BDB recover problem after unnormally system shutdown (ITS#3355)



Full_Name: Attila Szuts
Version: 2.2.13
OS: Debian Sarge
URL: ftp://ftp.openldap.org/incoming/
Submission from: (NULL) (195.56.97.217)


BDB 4.2.52
LDAP: 2.2.13 (But I think it is in newer versions.)

I don't if anyone had similar problem, but it happened to me multiple times at
the past...
I run OpenLDAP on a mail server as user database server. I modify ldap entries
with some PHP
scripts.

slapd.conf:
-----------
# Features to permit
allow bind_v2

include   /etc/ldap/schema/core.schema
include   /etc/ldap/schema/cosine.schema
include   /etc/ldap/schema/nis.schema
include   /etc/ldap/schema/inetorgperson.schema

schemacheck     on
pidfile         /var/run/slapd.pid
argsfile        /var/run/slapd.args

backend   bdb
database  bdb
checkpoint 10 2
cachesize 1000

suffix          "dc=nowhere,dc=com"
directory       <path_to_db_dir>
index           objectClass pres,eq
lastmod         on
sizelimit -1

#And some ACLs...
-------------------------

BDB DB_CONFIG file: (reside in slapd.conf -> directory)
-------------------
set_lk_max_locks   2000
set_lk_max_lockers 2000
set_lk_max_objects 2000

set_lg_bsize    1048576
set_lg_max      6291456
-------------------------

I thought that my config settings will be automatically committing any changes
in BDB after
2 minutes or after 10kb.
Then came an unplanned system shutdown(caused by eletrical breakdown without
notice, but
hours later than last ldap entry has modified).
After booting slapd was normally restarted by initd.

All works fine, except I could not see my last few changes in ldap.

I repaired database with db_recover -v , but it doesn't help.
(When I used db_recover -v -c I became this error message:
  db_recover: Finding last valid log LSN: file: 1 offset 1079544
  db_recover: Recovery starting from [1][28]
  db_recover: Log sequence error: page LSN 1 1052620; previous LSN 1 1095735
  db_recover: Recovery function for LSN 1 1052620 failed on forward pass
  db_recover: PANIC: Invalid argument
  db_recover: PANIC: fatal region error detected; run recovery
)

I moved the whole database to another place and vi-ed(viewed) the
log.0000000001
file and saw that my modifications(entries) are 100kbyte before EOF.(10 times
more than 10kbyte!)
Then I vi-ed dn2id.bdb and id2entry.bdb files but couldn't find these entries.

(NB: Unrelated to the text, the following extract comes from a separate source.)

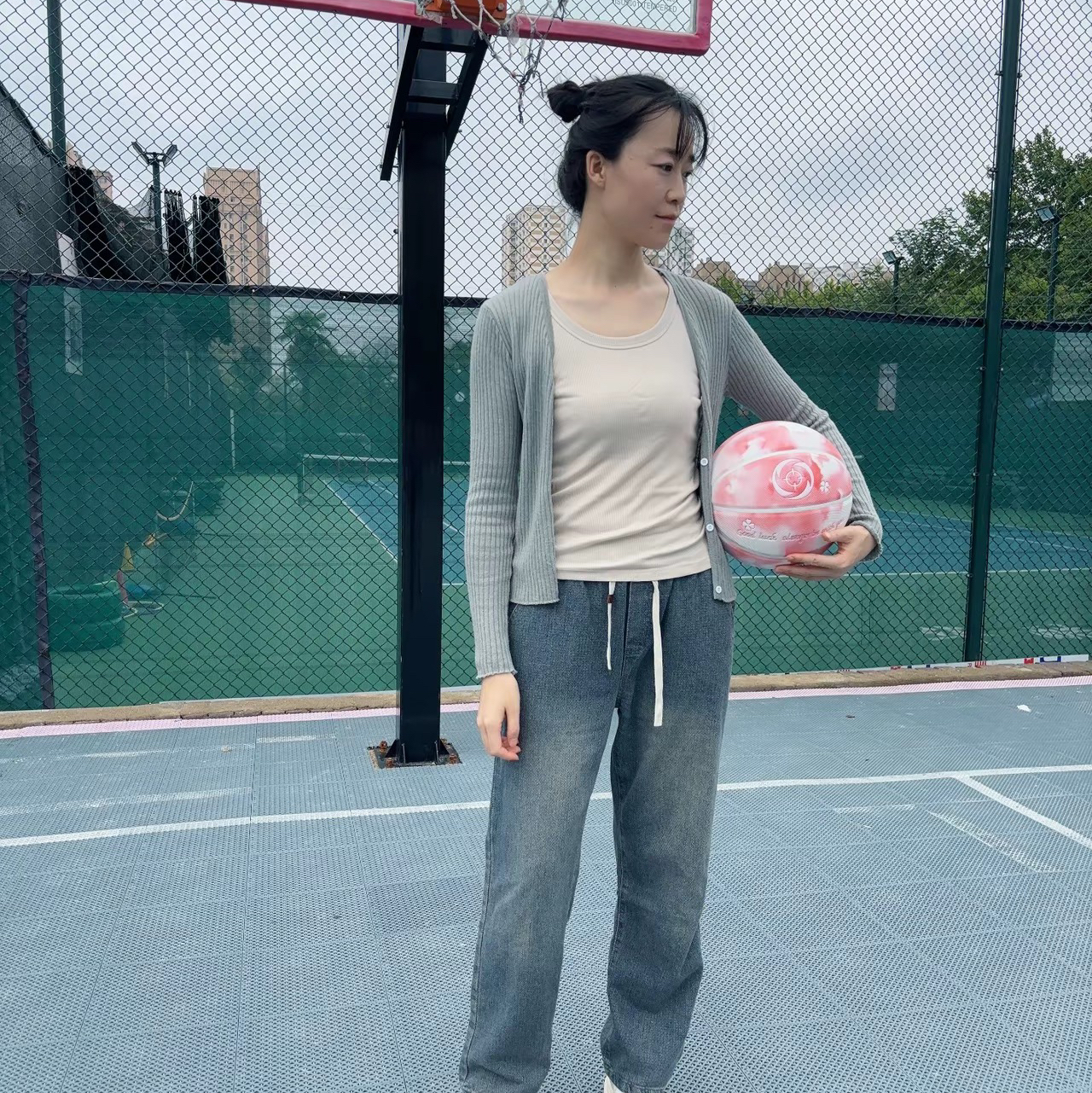 宝藏水洗做旧直筒牛仔裤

Why cannot db_recover *really* recover data from the logfile? I couldn't find
any software that can parse log file or bdb files to see records inner BDB.
(Similar has happened with previous OpenLDAP versions, but I can't reproduce
this error because
this can easily kill my machines. Sorry.)

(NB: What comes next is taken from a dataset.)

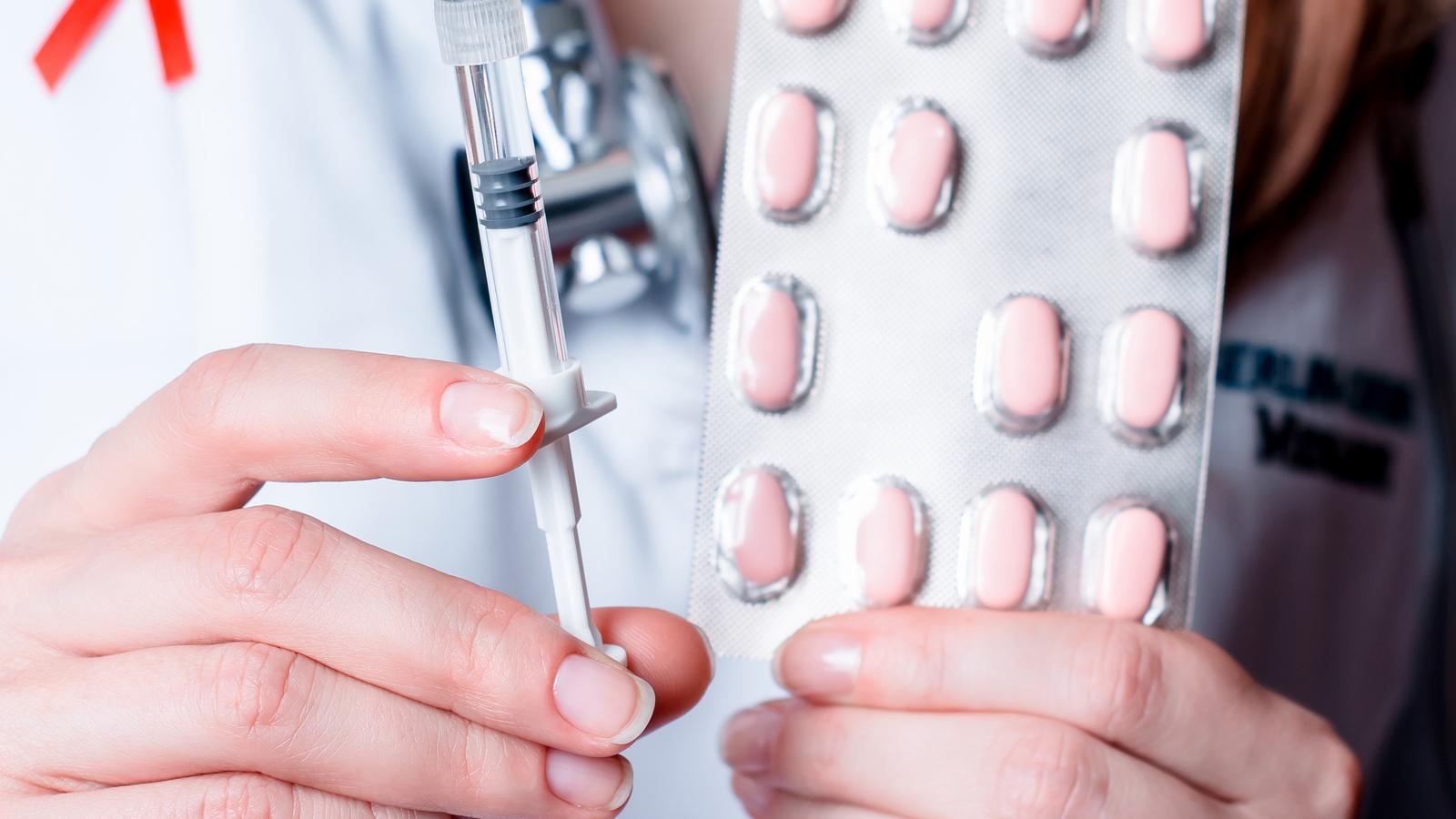 DFP-Praxiswissen: HIV-Postexpositionsprophylaxe Ärztin mit Red Ribbon, Spritze und Tabletenblister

Am I misconfigured something, or Berkeley DB is faulty or something else? What
shall I do in the
same situation?
I don't know exactly how OpenLDAP with BDB or standalone BDB internally works,
if this seems like BDB bug then sorry this bugreport and please give me some
instruction how/what to test or post to BDB buglist.

Thanks
Attila

P.S: Another BDB problem was when disk space runs out: slapd and BDB crashes,
and can't recover.